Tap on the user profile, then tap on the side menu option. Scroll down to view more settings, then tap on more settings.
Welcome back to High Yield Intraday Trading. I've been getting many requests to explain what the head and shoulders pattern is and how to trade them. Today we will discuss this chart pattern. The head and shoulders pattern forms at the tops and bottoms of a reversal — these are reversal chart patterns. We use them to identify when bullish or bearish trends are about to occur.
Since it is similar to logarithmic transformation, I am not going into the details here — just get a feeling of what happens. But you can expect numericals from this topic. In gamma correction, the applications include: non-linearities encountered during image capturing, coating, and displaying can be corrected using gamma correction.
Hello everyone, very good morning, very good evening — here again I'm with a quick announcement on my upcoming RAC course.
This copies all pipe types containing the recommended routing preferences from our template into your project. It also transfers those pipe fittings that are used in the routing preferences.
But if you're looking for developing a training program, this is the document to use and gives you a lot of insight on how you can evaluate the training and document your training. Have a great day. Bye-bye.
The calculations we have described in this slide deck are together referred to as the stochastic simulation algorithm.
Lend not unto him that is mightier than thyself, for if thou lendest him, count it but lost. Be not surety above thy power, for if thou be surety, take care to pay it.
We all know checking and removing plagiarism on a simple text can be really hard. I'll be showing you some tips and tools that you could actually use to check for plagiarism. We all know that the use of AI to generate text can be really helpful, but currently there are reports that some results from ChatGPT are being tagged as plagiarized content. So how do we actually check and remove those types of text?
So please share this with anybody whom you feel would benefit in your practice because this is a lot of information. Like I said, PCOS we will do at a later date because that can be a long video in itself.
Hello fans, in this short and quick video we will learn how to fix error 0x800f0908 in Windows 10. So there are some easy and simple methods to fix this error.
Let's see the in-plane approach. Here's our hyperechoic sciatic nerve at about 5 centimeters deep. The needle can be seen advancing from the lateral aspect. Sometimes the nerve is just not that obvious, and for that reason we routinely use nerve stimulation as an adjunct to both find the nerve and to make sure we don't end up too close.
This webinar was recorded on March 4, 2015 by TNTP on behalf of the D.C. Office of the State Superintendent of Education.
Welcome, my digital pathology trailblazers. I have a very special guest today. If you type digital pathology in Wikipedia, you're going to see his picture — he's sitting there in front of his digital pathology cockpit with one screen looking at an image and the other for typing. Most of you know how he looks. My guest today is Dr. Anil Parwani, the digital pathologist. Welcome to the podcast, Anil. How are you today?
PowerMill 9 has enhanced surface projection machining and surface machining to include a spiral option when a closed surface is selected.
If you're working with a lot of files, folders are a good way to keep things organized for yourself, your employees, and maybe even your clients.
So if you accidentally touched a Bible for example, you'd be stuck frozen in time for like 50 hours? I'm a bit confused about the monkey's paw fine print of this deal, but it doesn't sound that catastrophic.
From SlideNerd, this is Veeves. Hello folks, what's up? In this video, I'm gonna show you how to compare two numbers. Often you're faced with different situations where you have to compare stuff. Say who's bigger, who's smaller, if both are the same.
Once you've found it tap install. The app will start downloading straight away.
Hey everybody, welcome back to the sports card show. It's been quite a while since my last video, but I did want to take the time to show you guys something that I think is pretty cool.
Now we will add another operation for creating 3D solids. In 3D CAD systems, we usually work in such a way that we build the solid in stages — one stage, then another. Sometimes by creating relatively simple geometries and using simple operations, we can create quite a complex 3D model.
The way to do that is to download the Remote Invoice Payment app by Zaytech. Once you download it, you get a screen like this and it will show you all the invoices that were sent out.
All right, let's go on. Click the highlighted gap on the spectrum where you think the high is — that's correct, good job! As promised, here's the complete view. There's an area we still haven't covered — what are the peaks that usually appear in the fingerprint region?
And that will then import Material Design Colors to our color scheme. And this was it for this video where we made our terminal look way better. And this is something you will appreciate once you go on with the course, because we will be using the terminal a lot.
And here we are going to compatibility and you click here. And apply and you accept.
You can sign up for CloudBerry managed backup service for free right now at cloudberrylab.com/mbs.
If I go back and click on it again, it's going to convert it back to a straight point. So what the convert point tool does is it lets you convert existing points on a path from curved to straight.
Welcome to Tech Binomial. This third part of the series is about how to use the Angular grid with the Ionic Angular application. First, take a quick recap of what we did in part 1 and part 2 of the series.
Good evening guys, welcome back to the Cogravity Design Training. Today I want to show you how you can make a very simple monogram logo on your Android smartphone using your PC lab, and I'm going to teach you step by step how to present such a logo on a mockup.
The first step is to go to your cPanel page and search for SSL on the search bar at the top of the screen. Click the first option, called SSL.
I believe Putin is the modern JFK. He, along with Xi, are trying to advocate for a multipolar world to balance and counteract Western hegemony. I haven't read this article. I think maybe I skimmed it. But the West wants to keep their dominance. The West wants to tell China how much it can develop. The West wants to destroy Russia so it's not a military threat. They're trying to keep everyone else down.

━━━━━━━━━━━━━━━━

▶ Task to complete:
Your answer should be the lines above, from the line containing "The way to do" up to and including the line containing "The first step", reproduced exactly and with nothing else.

▶ Answer to the problem:
The way to do that is to download the Remote Invoice Payment app by Zaytech. Once you download it, you get a screen like this and it will show you all the invoices that were sent out.
All right, let's go on. Click the highlighted gap on the spectrum where you think the high is — that's correct, good job! As promised, here's the complete view. There's an area we still haven't covered — what are the peaks that usually appear in the fingerprint region?
And that will then import Material Design Colors to our color scheme. And this was it for this video where we made our terminal look way better. And this is something you will appreciate once you go on with the course, because we will be using the terminal a lot.
And here we are going to compatibility and you click here. And apply and you accept.
You can sign up for CloudBerry managed backup service for free right now at cloudberrylab.com/mbs.
If I go back and click on it again, it's going to convert it back to a straight point. So what the convert point tool does is it lets you convert existing points on a path from curved to straight.
Welcome to Tech Binomial. This third part of the series is about how to use the Angular grid with the Ionic Angular application. First, take a quick recap of what we did in part 1 and part 2 of the series.
Good evening guys, welcome back to the Cogravity Design Training. Today I want to show you how you can make a very simple monogram logo on your Android smartphone using your PC lab, and I'm going to teach you step by step how to present such a logo on a mockup.
The first step is to go to your cPanel page and search for SSL on the search bar at the top of the screen. Click the first option, called SSL.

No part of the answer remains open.